Introduction: Inguinal hernia (IH) surgery has changed fundamentally during the last 25 years due to tension-free repair, minimally-invasive approaches and growing influence of economy in medical decision making. Aim of the study was the documentation and analysis of changes in IH surgery during the last 15 years in our patient cohort.

Material and methods: Patients undergoing elective or emergency inguinal/femoral hernia repair from January 1995 to December 2009 were included in the study. Analysis of patient data was carried out by prospective online recording.
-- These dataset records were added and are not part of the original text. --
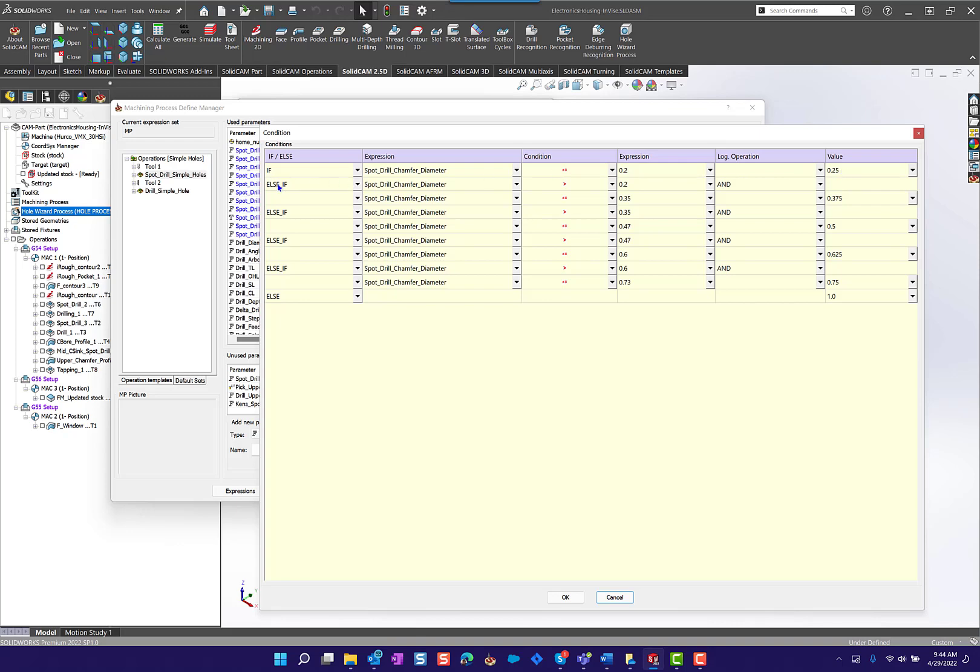Else if it is greater than 0.2 and it is less than or equal to 350 thousandths, then I want to use a 375 or 3 eighths diameter spot drill. You can just keep adding these else ifs all the way down here to create the condition that you want to define for calculating the diameter of the spot drill that you want to use for your operation.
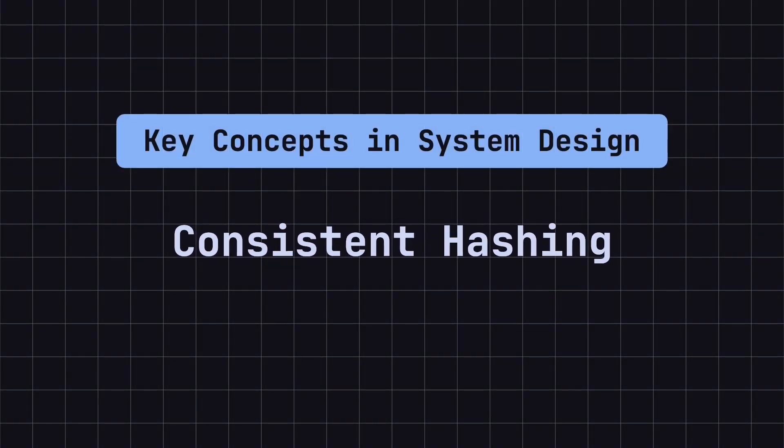Hello everyone, welcome back to the Key Concepts in System Design tutorial series. Today, we're diving into the topic of Consistent Hashing.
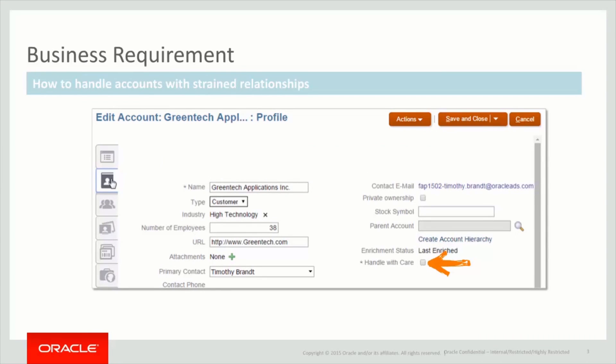The business need we are addressing in our example is how to handle accounts where, for whatever reason, the relationship has been strained. Perhaps it's because of past negative experience with a particular sales representative, or perhaps there were quality issues with the product that was sold to them.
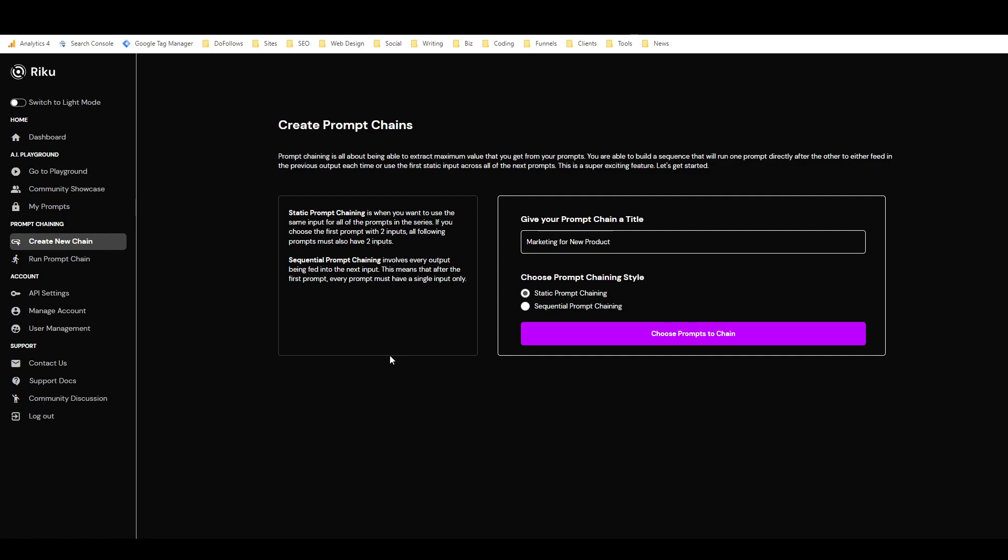If you just use AI writing tools for like, you know, writing stuff, and you're not interested in getting into them in an advanced way, then this probably won't interest you that much. But if you're really into AI writers, if you own like a bunch of them and you like experimenting with different ones and creating your own templates and stuff like that, then Riku is something that you should definitely consider.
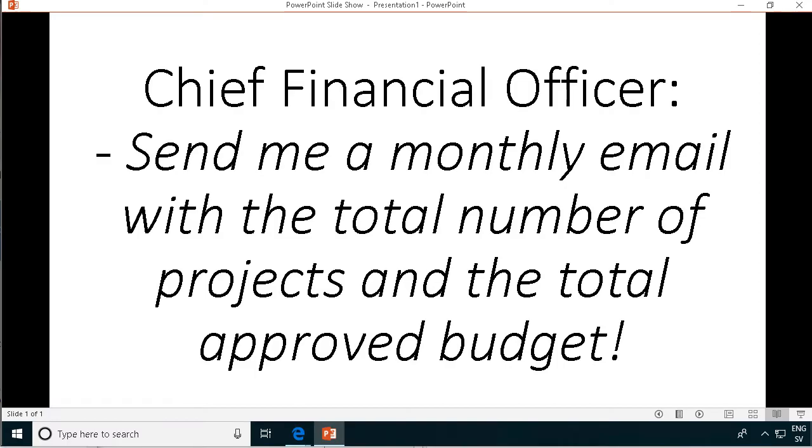Hi, I'm Peter Kalmstrom of kalmstrom.com business solutions. In this demonstration I will talk about flow variables and we're going to do that using this example where the chief financial officer is demanding that we send him a monthly email with the total number of projects and the total approved budget.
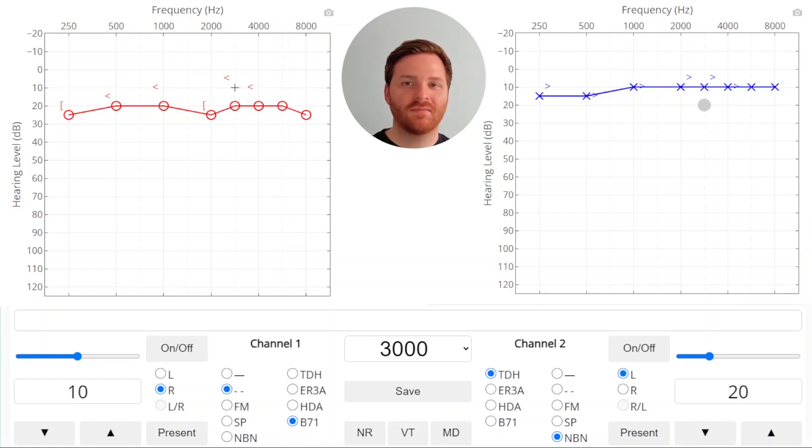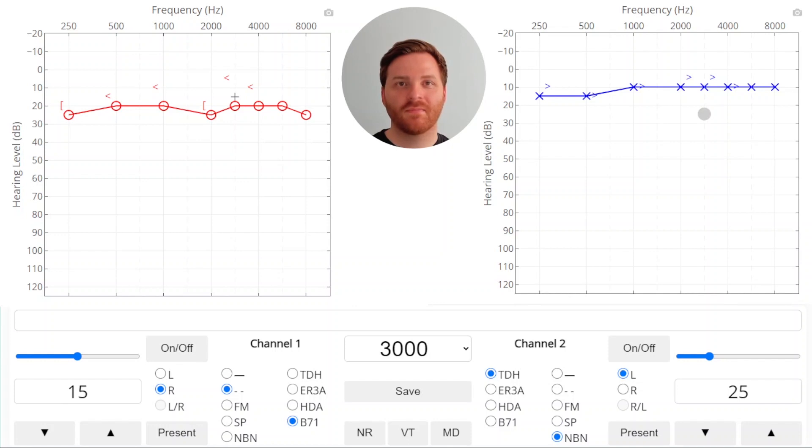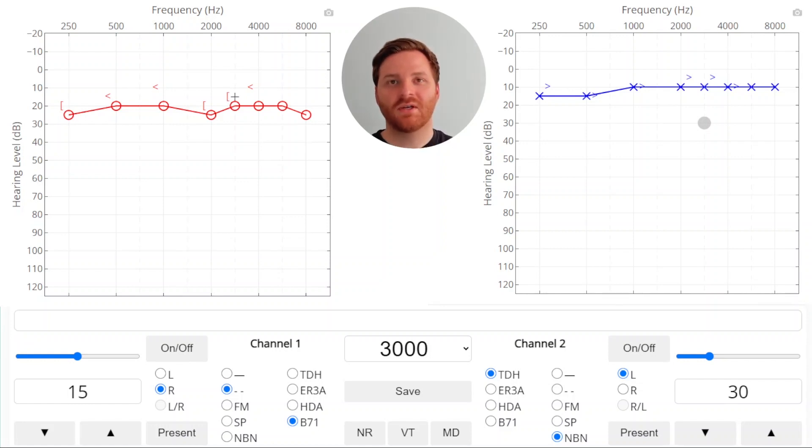So we'll raise the signal and raise it again until we get a response. Then we're going to raise the masker, and we got a response. So we'll raise the masker again, and we got another response. So we'll go ahead and save this as the masked threshold.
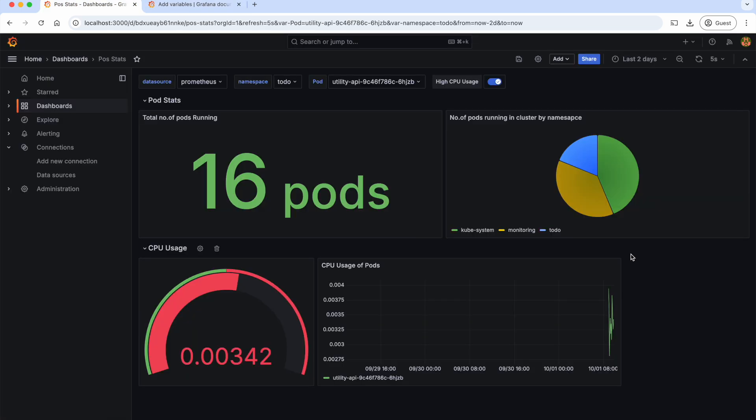So this way, by creating dynamic Grafana dashboards, we can visualize data in real time and offer an interactive experience for users. I hope you thoroughly enjoyed it and learned something new.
Results: A total of 1,908 patients with 2,124 IHs were treated in the study period and the number of IH repairs decreased continuously. The number of recurrent hernias peaked in 2005-2009 with 16.4%. The average preoperative hospital stay decreased from 2.4 to 0.4 days and the postoperative hospital stay from 7.0 to 3.3 days. The percentage of suture repairs declined from 54.9% in 1995 to 4.1% in 2009 and the percentage of open tension-free repairs rose to 52.9% in 1998. In the following years the majority of repairs were performed by minimally invasive procedures but in 2009 the percentage of conventional hernia repairs exceeded the rate of minimally invasive repairs.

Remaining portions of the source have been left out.